E’ evidente che la politica dell’imperialismo britannico in Palestina si ispira naturalmente ad una politica colonia le caratteristica di ogni imperialismo. Questa consiste nel fare affidamento soprattutto su certi strati della popolazione coloniale (opponendo le razze tra loro, o delle confessioni religiose differenti, o meglio ancora risvegliando delle gelosie tra clan o capi), il che permette all’imperialismo di stabilire solidamente la sua super oppressione sulle stesse masse coloniali, senza distinzione di razza o confessione. Ma, se questa manovra è potuta riuscire in Marocco e in Africa centrale, in Palestina ed in Siria il movimento nazionalista arabo presenta una resistenza molto compatta.
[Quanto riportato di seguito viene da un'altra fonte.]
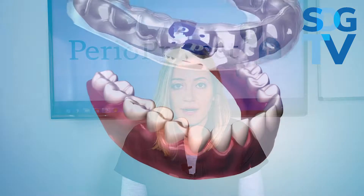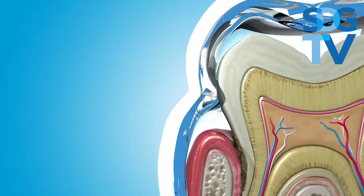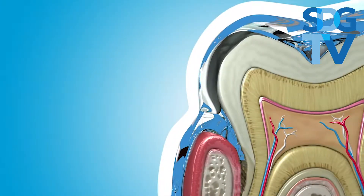Perioprotect trays are different than retainers and night guards and other oral appliances in that they serve a very specific purpose, and that is for gum health. They actually have a seal around the gums that goes beyond the gum line and keeps hydrogen peroxide gel in the tray.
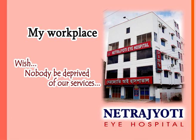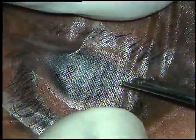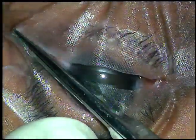Friends, welcome to my workplace at Rana Ghat, West Bengal, India. In this video, I want to demonstrate intravitreal injection of bevacizumab or ranibizumab.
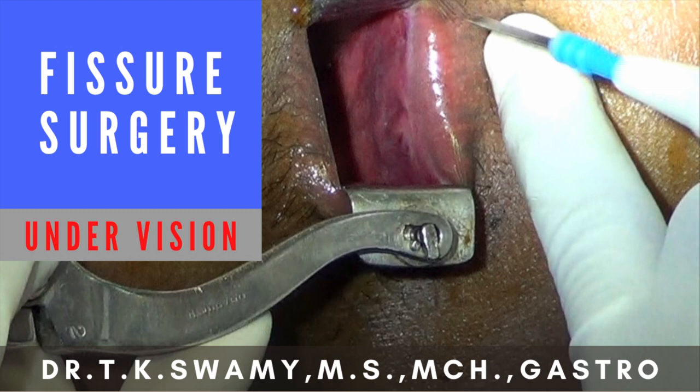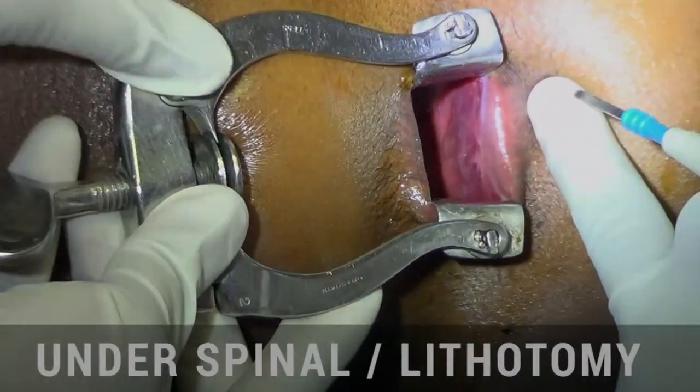Hi friends. In this video, I will show you our technique of doing internal sphincterotomy for chronic fissure in anum. We do it under vision. We don't do it blindly.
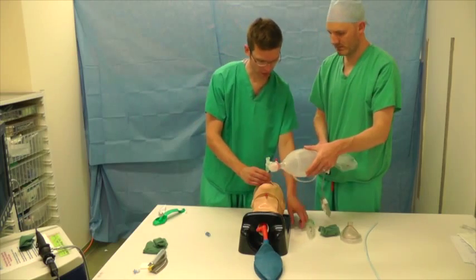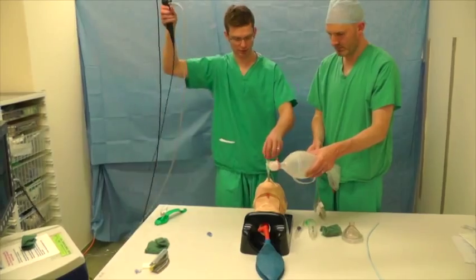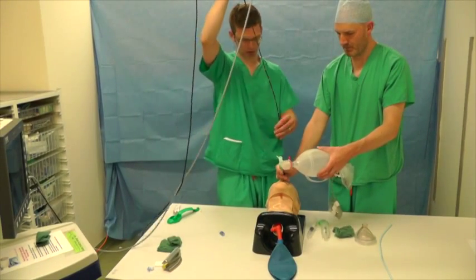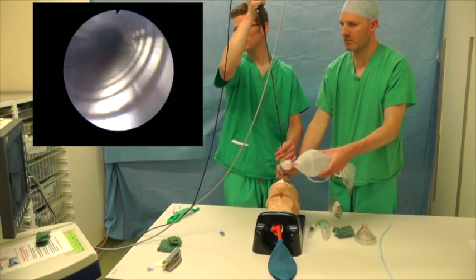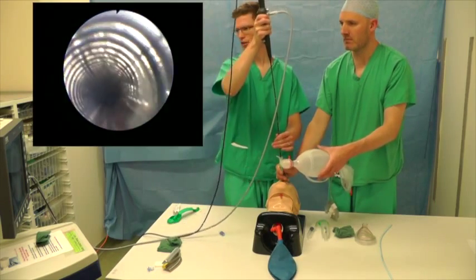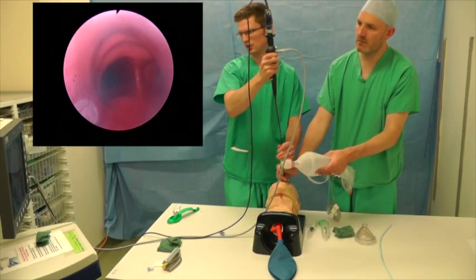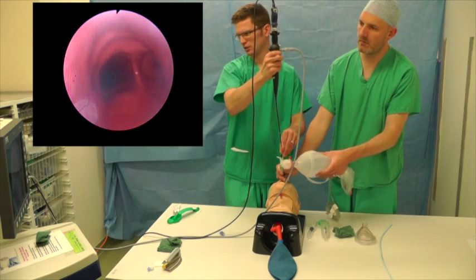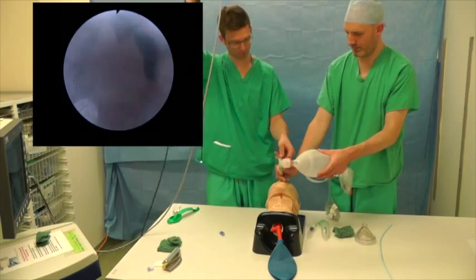Okay, let's have a quick check, make sure where we are. Let's grab the scope for it. That's brilliant. So about two centimetres above the carina — that's fine. I think we can tape that in there.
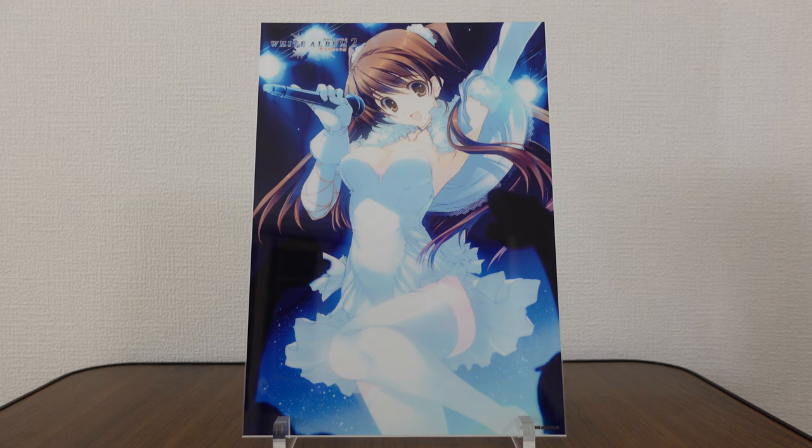Hello and welcome back to another merchandise review from White Album 2. Today we're looking at what is called an acrylic plate. This is a special edition acrylic plate. It was released in early 2020, March to be specific, and this was from the official Aqua Plus store, partnered through Toranoana, so you can buy it on Toranoana's website. This is an official piece of limited printed merchandise.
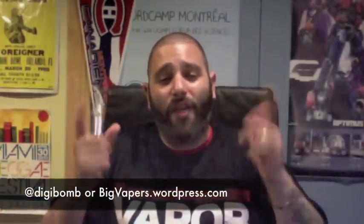I'm just going to leave you with a Vivinova toot. Follow me on Twitter at Digibomb, check out the website bigvapors.com, and keep on vaping.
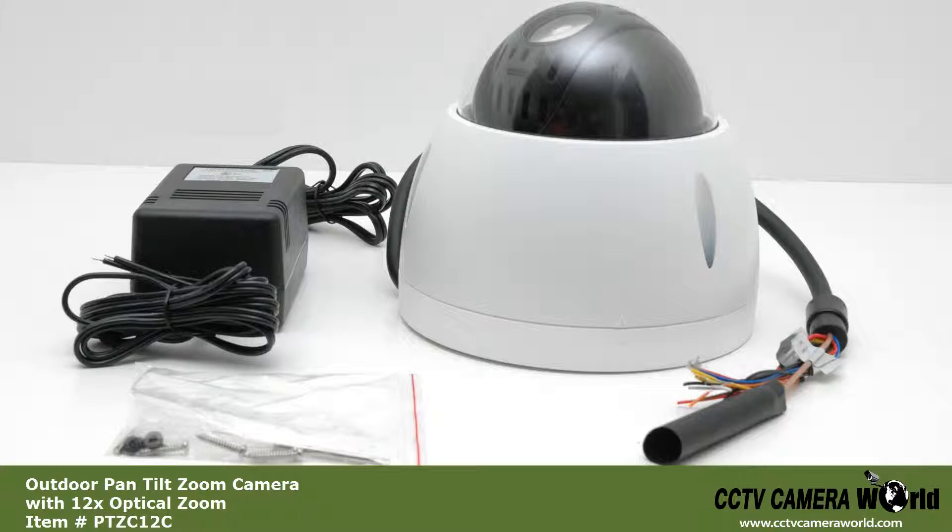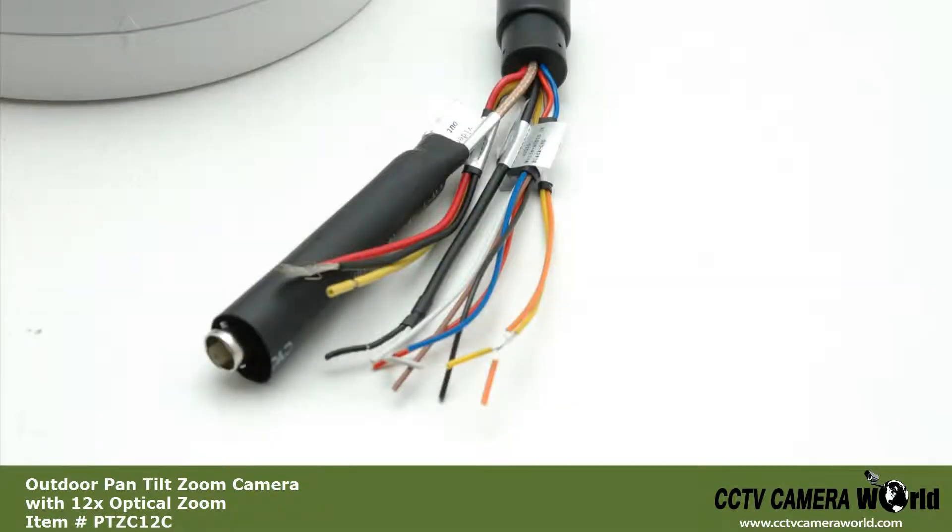It is powered by the 12 volt power supply included. The power pigtail contains a BNC connection for video and data output, and connections for alarm output, standard testing cable, and a PTZ controller.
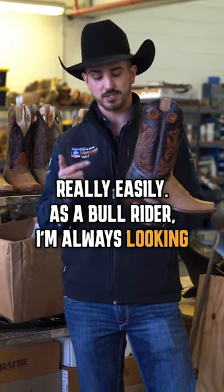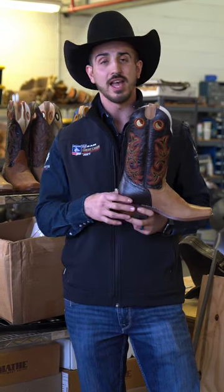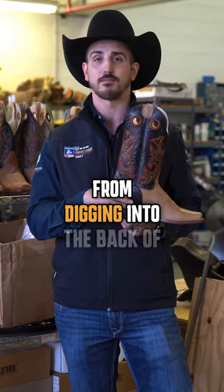As a bull rider, I'm always looking for a spur ledge. A spur ledge is great — you can put your spurs on there and they stay in place while riding. And then in all three rough stock events, it's great to have a reinforced heel, and that keeps the spur from digging into the back of your heel.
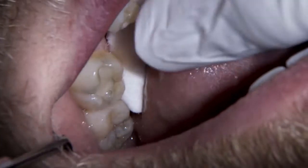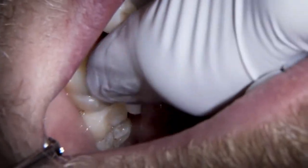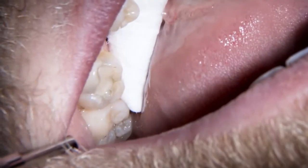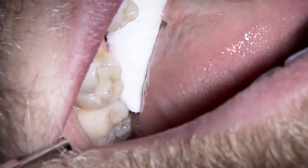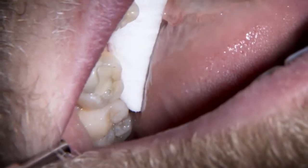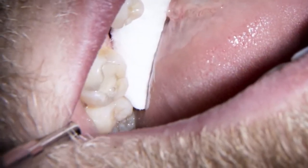We've got a composite that we're replacing here. We can see some grey shadowing all around the margins and spreading into some fracture lines mesially and buccally. On the bite wing we can see there's some area underneath the filling, so we're going to run that out. It's deep enough to warrant putting biodentine in there, and then we'll replace the filling.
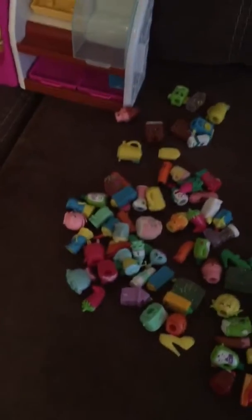Here we have our Shopkins collection. We have over 90 Shopkins from season 1 and season 2.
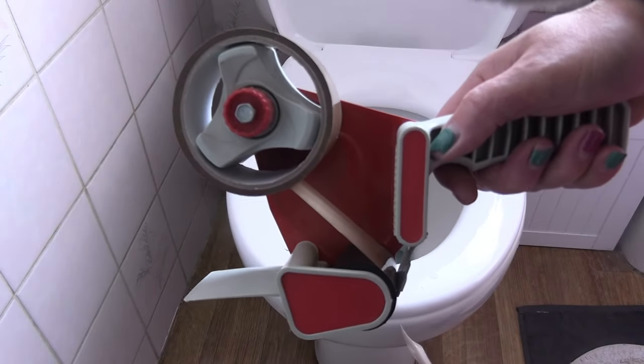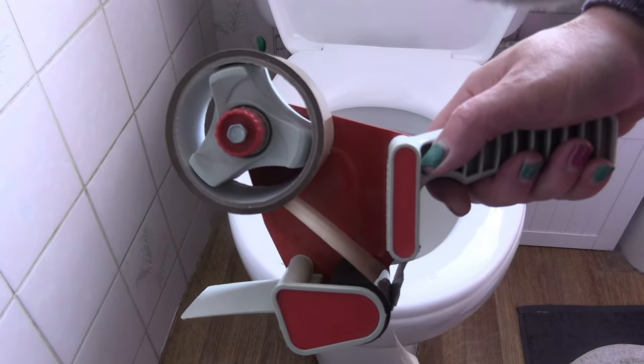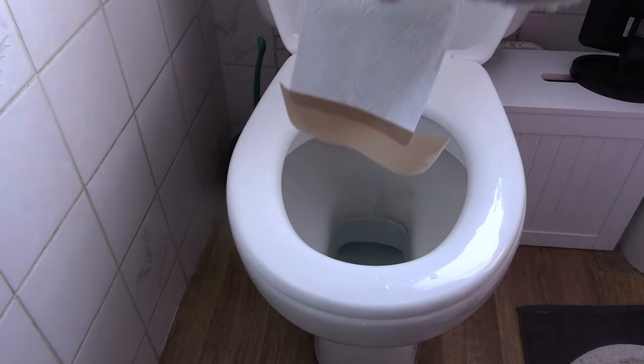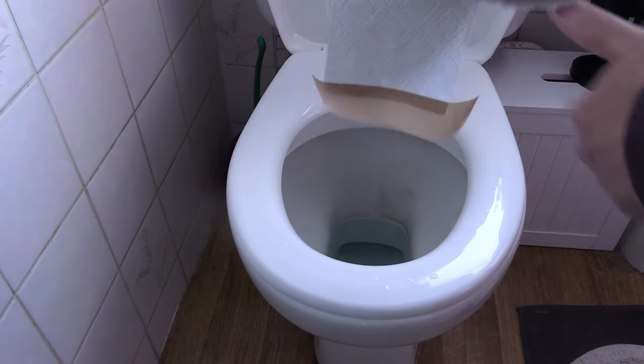I'm using brown sticky tape so you can see what I'm going to do with it, but ordinarily use sellotape. All I've done is put the tape on the end of the roll.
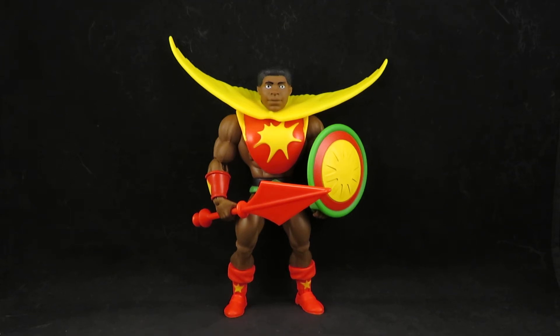Hey guys, this is solarwreck333 with another review. Here I have the Mattel Masters of the Universe Origins Sun Man, and this guy is really cool.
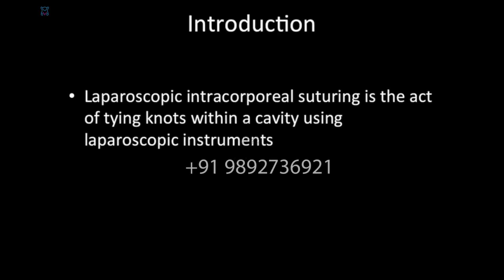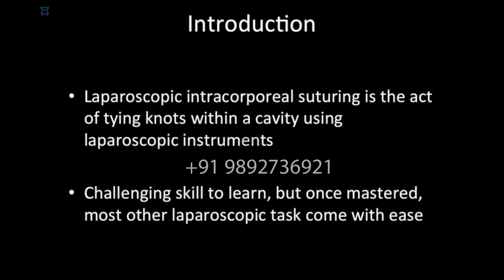Laparoscopic intracorporeal suturing is the act of tying knots within a cavity using laparoscopic instruments. This is a challenging skill to learn, but once mastered, most other laparoscopic tasks will come with ease.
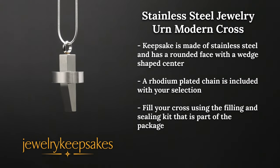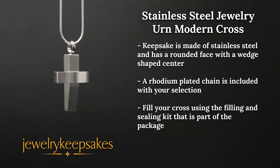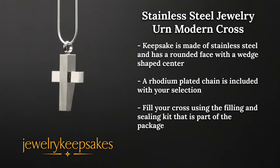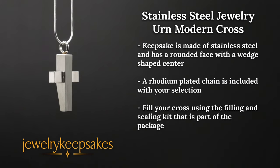The modern cross cremation pendant is made of stainless steel and has a rounded face with a wedge-shaped center. Ideal for both men and women, the modern cross will hold your selection of small remembrances of the deceased, and a rhodium plated chain is included with your selection.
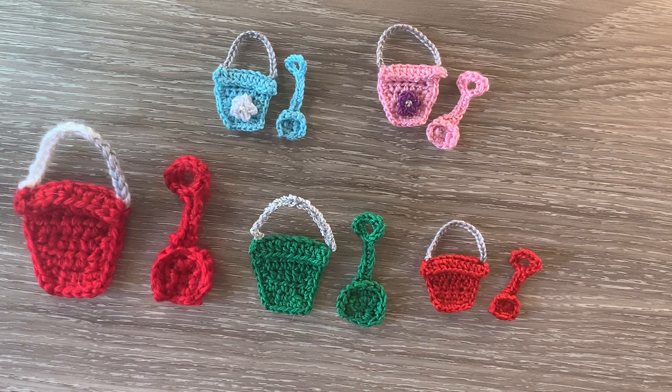Hello everyone. Thank you for joining me. I'm Kerri. Today I'll be showing you how to crochet a bucket and spade applique.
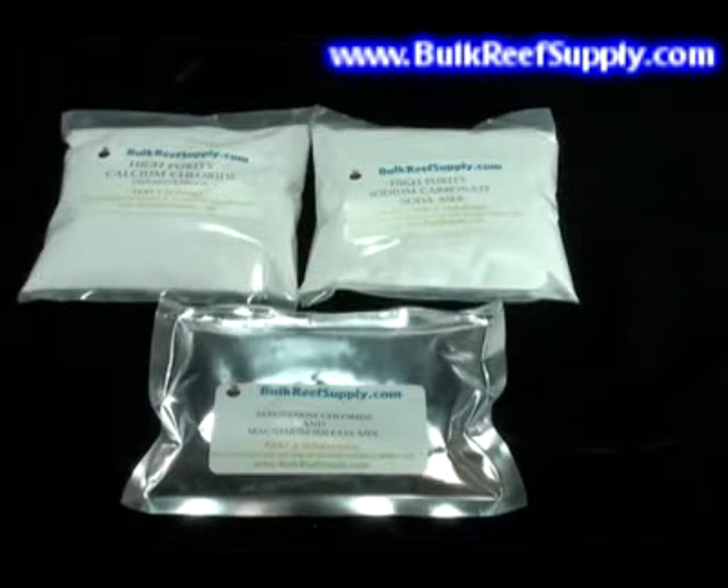When you open your box, you'll find three pouches. The white ones are the alkalinity and calcium, and the silver will be your magnesium. Maintaining your calcium and alkalinity is extremely important, since this is what your corals and other organisms in the aquarium build their skeleton out of. It'll also promote heavy growth of coralline algae.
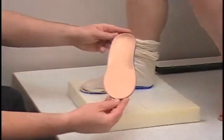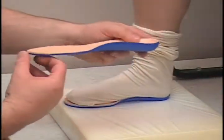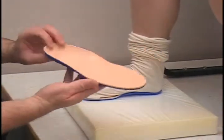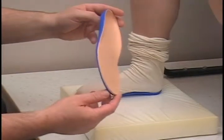This is the finished product, and as you can see it's changed to the shape of her foot — the arch is encapsulated there, changed a little bit on the lateral side. So this is a custom formed foot orthotic.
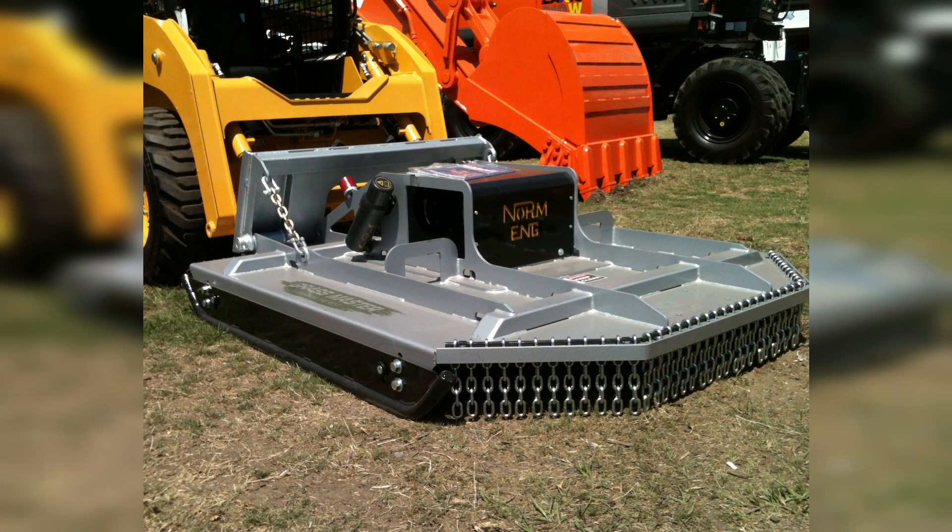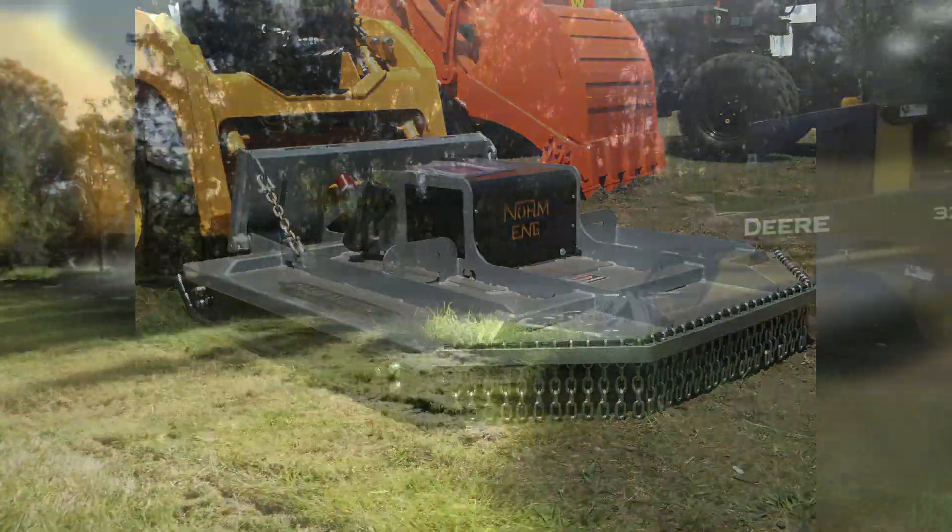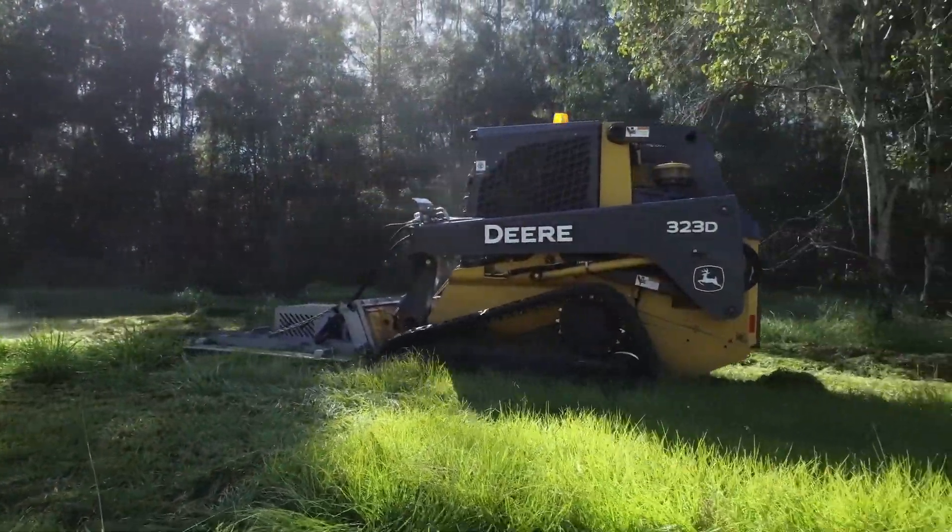All Norm Slashers feature adjustable and replaceable heavy duty side skids, with double link chain protection on both front and back, thereby reducing debris from flying up when working.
Si appoggia sui paesi più o meno indipendenti che lo circondano: Turchia, Persia, Egitto, Irak, Stati arabi ed, inoltre, si lega all’insieme del mondo mussulmano che conta parecchi milioni di individui.

A dispetto dei contrasti esistenti tra differenti Stati mussulmani e malgrado la politica anglofila di alcuni tra loro, il grande pericolo per l’imperialismo sarebbe la costituzione di un blocco orientale capace di imporsi – il che sarebbe possibile se il risveglio e il rafforzamento del sentimento nazionalista delle borghesie indigene potesse impedire il risveglio della rivolta di classe degli sfruttati coloniali che hanno da rompere tanto con i loro sfruttatori che con l’imperialismo europeo- e che potrebbe trovare un punto di legame con la Turchia che viene da poco ad affermare i suoi diritti sui Dardanelli e che potrebbe riprendere la sua politica panislamica. Ora la Palestina è di un’importanza vitale per l’imperialismo inglese. Se i sionisti si sono illusi di ottenere una Palestina “ebrea”, in realtà essi non otterranno altro che una Palestina “britannica”, via dei transiti terrestri che lega l’Europa all’India. Essa potrebbe rimpiazzare la via marittima del Suez, la cui sicurezza viene ad essere indebolita dallo stabilirsi dell’imperialismo italiano in Etiopia. Non bisogna dimenticare inoltre che l’oleodotto di Mossoul (zona petrolifera) giunge al porto palestinese di Haifa.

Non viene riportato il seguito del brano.